An ex-girlfriend has recently joined, or at least attended her first meeting of, an evangenical church in Bradford. This isn't about the sect. It's about my ex-girlfriend.
(Full disclosure: I was once and the age of about eleven a Billy Graham convert. I went to an Earl's Court rally, though I was in an annexe and only saw a televised version of the main hall I went down the front when he called for people to step forwards, had a tutor, or pastor, or whatever they called them, who tried to discuss Biblical texts with me. This lasted about six weeks, and though I tried, I really wasn't getting it, and I think the tutor knew it as well.

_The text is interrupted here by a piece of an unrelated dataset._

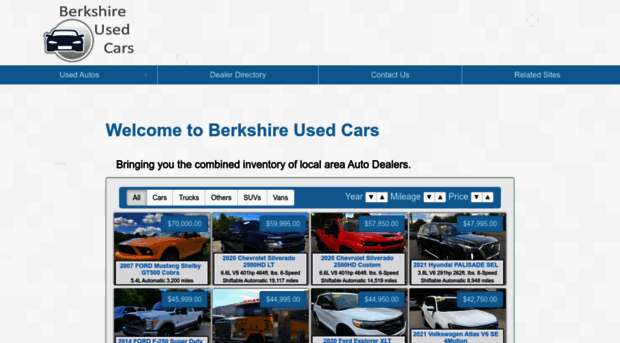 berkshireusedcars.com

I wonder what the drop-out rate was? Organised religion, or indeed organised anything, remains a total mystery to me. If asked, I'd say it was the idea I have to follow some leader rather than make my own mind up, but that's just a rationalisation. It takes hormones to be a joiner, and I don't do whatever the joiner hormone is that they haven't found yet.)
So you can guess that I don't get what a seasoned adult with two children and three marriages is doing getting involved with evangelicals. (I know you think there's a clue in the question, but read on a little.) I've been to an evangelical service, exactly once, as a politeness to a girlfriend's relatives, and a sad affair I found it as well. The group in Bradford look a lot slicker and have a decent merchandising operation going - I mean, have a range of inspirational literature available. I'm going to be blunt here: evangelical religion is for troubled people. Not 'troubled' in the sense of 'need to stay on their meds', but in the sense of 'not sure where all the pain and confusion are coming from, or why, or what to do about it, and so with a ton of unresolved emotional baggage around rejection, lack of love and need'. That kind of 'troubled'.
Emotional baggage can be dumped. The catch is that if your experience is like mine. I didn't get a new Hermes-filled Loius Vuitton set of "healthy positive emotions and reactions" when I lost the nylon-filled cardboard stuff. I got a messenger bag in which I carry the immediate feelings of the day. I don't feel bad any more, but I never quite feel good either, and nor would I call it being well-balanced. It's more like being... on standby. I don't have emotions about stuff that's nothing to do with me, but then nothing in my daily round is anything to do with me, so I don't have any emotions. But I could have them, if anything happened that was to do with me. On standby. You're right, it is pretty vacant.
That's hard to live with, especially if you're used to a level of drama, however specious, as part of your daily emotional diet. Evangelical religion offers that. It offers drama, meaning, belonging and purpose, the assurance that your daily struggles have a significance beyond grubby bill-paying, and the promise that you are on a road to living right. The catch is the same one as afflicts what looks like its mystical opposite: Eastern spirituality and its various techniques. It's a solution that comes from outside, whether from a Christian God or a spiritual Unity and Peace. You're still trying to fix yourself, but this time with God or Inner Peace.
I suppose what's puzzling me is that it's this woman I used to know. She's no more religious than I am. She works in insurance, fer Christ's sake, and no-one who works in insurance can possibly be religious. Go to church, yes, be religious, no. Part of me wants to say "who are you and what have you done with my friend?" and another thinks she will give this an honest try, and the whole thing will break against her innate realism. I hope she's not doing it to please someone, because that hasn't helped her in the past. But maybe she does oxytocin, and is looking for someone and something to believe in, because she can. That doesn't work for me, but maybe it will work for her.